Formal Verification: The Gap Between Perfect Code and Reality

Thanks to Vlad Brown and Drawings Team for Russian and Uzbek translations.

In Fall 2017, I took MIT’s 6.826, Principles of Computer Systems, taught by Turing Award-winner Butler Lampson, Nickolai Zeldovich, and Frans Kaashoek. Despite its rudimentary title, it’s a grad class on building formally verified systems. Using the proof language Coq, we wrote specifications, implementations, and proofs of toy structures: a remapped disk, an atomic pair of blocks, and a replicated disk. We also read quite a few papers from the state-of-the-art in formal methods.
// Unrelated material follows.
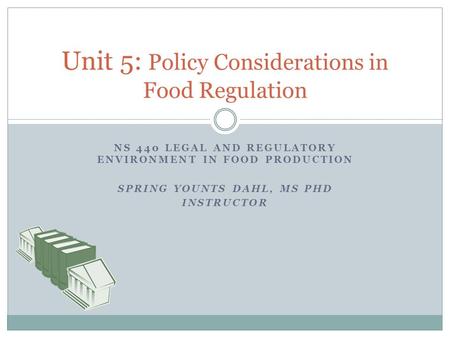 NS 440 LEGAL AND REGULATORY ENVIRONMENT IN FOOD PRODUCTION SPRING YOUNTS DAHL, MS PHD INSTRUCTOR Unit 5: Policy Considerations in Food Regulation.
I went into the class believing that formal verification is the future — the only solution to a world of software ridden with bugs and security issues. But after recent events and a semester of trying to apply formal methods, I’m a serious skeptic. In this post, I’ll discuss why I think formal verification has a long way to go — and why it just doesn’t work right now.

Try it — I dare you

First, let’s talk about how we get a system that we can rubber-stamp as “formally verified”.

Simulation proofs

There are two broad ways to write a formally verified system. The first, the more conventional way, involves carefully constructing specifications of the behavior of a system, an implementation of the system, and then manually writing proofs that the implementation matches the spec. All of this is written in a theorem-proving language like Coq, and then extracted to OCaml or Haskell for a runnable implementation.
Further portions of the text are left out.